Gina Rippon, professor emeritus of cognitive neuroimaging at Aston University, has won an award for her book, The Lost Girls of Autism The book won the 2025 British Psychological Society Popular Science Award It explores the emerging science of female autism, and examines why it has been systematically ignored and misunderstood for so long. The Lost Girls of Autism, the latest book from Gina Rippon, professor emeritus of cognitive neuroimaging at Aston University Institute of Health and Neurodevelopment (IHN), has won the 2025 British Psychological Society (BPS) Popular Science Award.
The annual BPS Book Awards recognise exceptional published works in the field of psychology. There are four categories – popular science, textbook, academic monograph and practitioner text.
With the subtitle ‘How Science Failed Autistic Women and the New Research that’s Changing the Story’, The Lost Girls of Autism explores the emerging science of female autism, and examines why it has been systematically ignored and misunderstood for so long.

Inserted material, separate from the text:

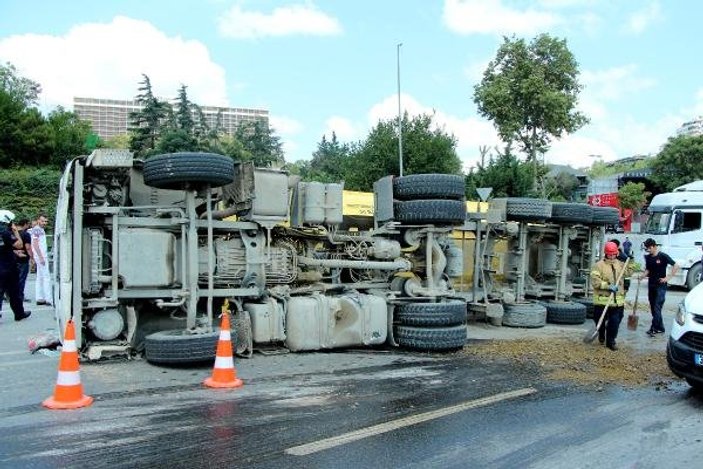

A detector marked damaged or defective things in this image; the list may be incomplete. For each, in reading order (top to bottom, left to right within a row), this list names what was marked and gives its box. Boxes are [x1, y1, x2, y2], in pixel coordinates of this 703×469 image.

overturned truck [52, 150, 470, 362]
second overturned truck [52, 150, 470, 362] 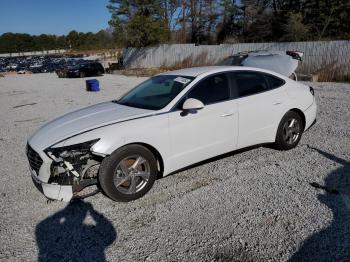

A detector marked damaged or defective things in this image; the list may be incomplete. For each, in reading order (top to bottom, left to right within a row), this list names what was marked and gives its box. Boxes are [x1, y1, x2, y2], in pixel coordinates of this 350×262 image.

Historically, clinicians believed that autism was a male condition, and simply did not look for it in girls and women. This has meant that autistic girls visiting a doctor have been misdiagnosed with anxiety, depression or personality disorders, or are missed altogether. Many women only discover they have the condition when they are much older.
Professor Rippon said:
“It's such a pleasure and an honour to receive this award from the BPS. It’s obviously flattering to join the great company of previous winners, but I’m also extremely grateful for the attention drawn to the issues raised in the book. “Over many decades, due to autism’s ‘male spotlight’ problem, autistic girls and women have been overlooked, deprived of the help they needed, and even denied access to the very research studies that could widen our understanding of autism. This book tells the stories of these girls and women, and I’m thrilled to accept this prize on their behalf.”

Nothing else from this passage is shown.